• _What to do_:
Please find the line that holds "Bar chart of" below and reproduce it, along with every line after it through the end, exactly and without pictures.

• _Input data_:
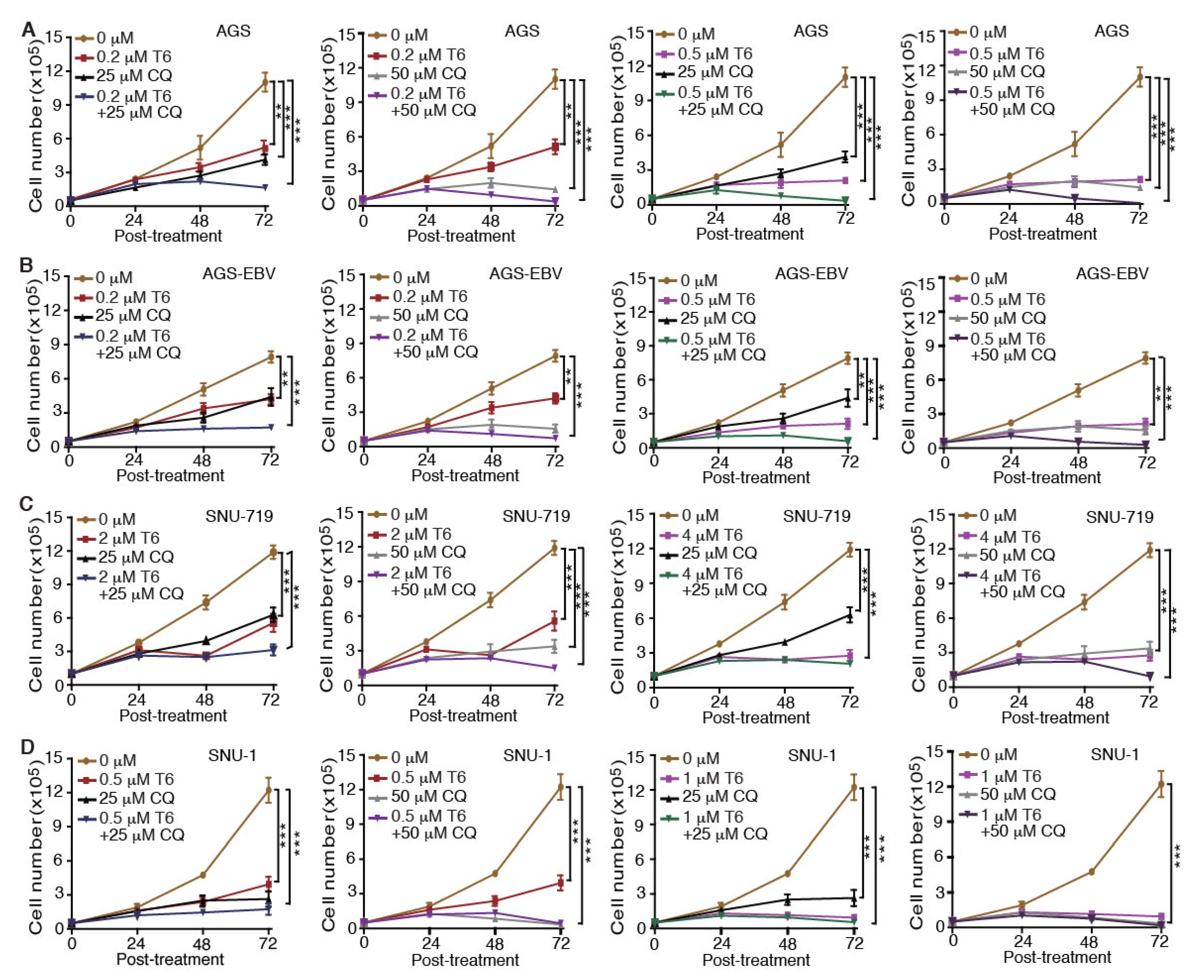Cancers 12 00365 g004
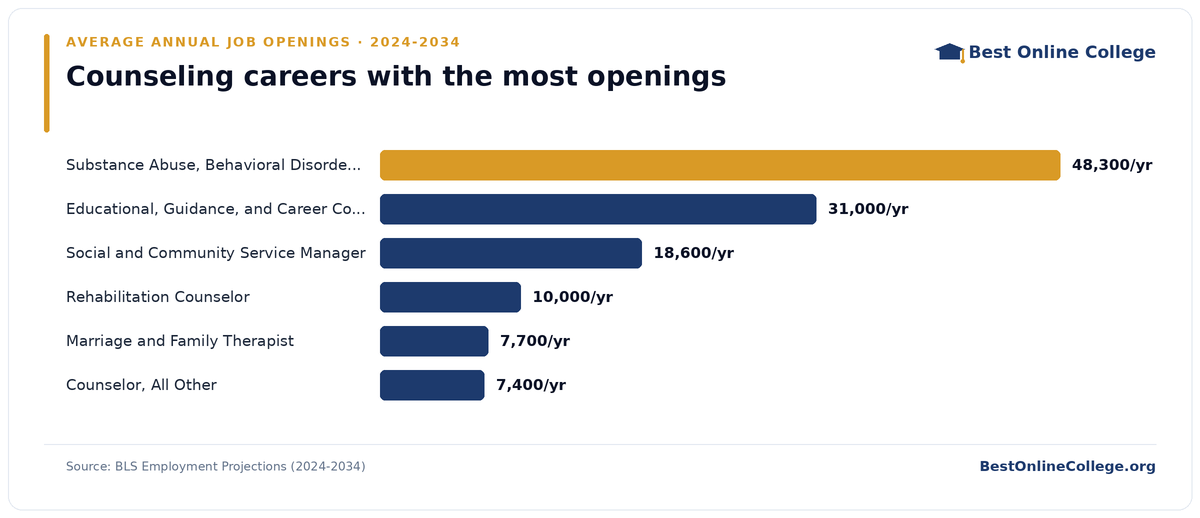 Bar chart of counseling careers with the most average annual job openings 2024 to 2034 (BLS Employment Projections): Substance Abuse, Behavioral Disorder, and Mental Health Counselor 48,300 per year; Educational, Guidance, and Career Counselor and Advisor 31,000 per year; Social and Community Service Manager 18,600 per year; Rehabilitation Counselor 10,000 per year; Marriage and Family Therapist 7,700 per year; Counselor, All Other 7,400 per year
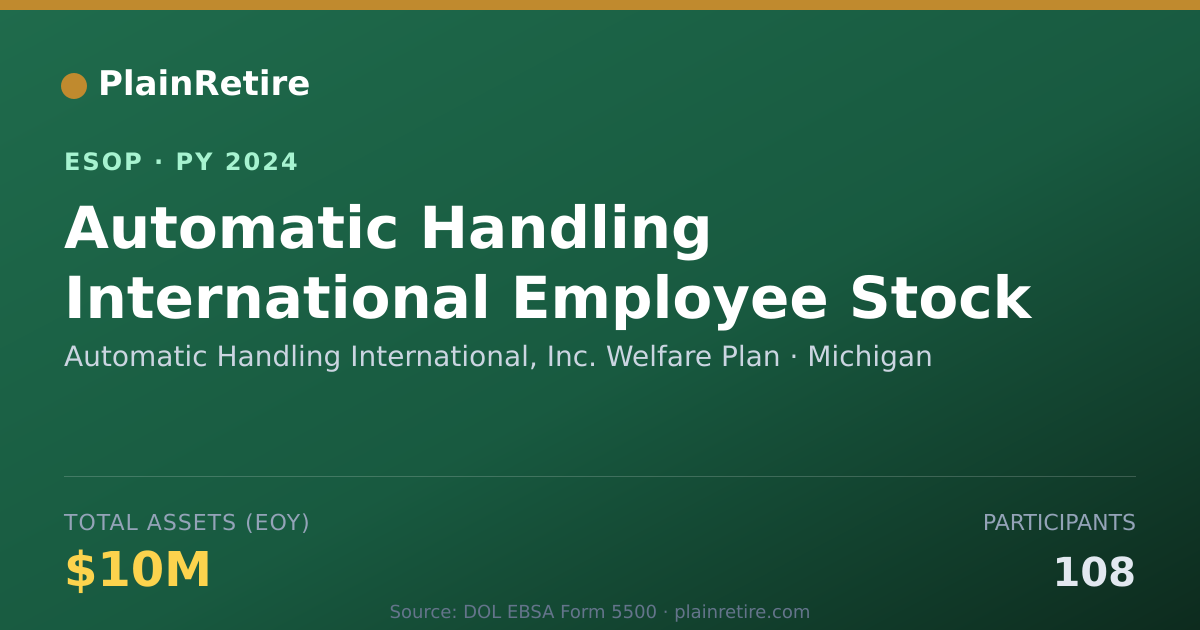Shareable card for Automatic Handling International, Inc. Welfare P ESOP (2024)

• _Written reply_:
 Bar chart of counseling careers with the most average annual job openings 2024 to 2034 (BLS Employment Projections): Substance Abuse, Behavioral Disorder, and Mental Health Counselor 48,300 per year; Educational, Guidance, and Career Counselor and Advisor 31,000 per year; Social and Community Service Manager 18,600 per year; Rehabilitation Counselor 10,000 per year; Marriage and Family Therapist 7,700 per year; Counselor, All Other 7,400 per year
Shareable card for Automatic Handling International, Inc. Welfare P ESOP (2024)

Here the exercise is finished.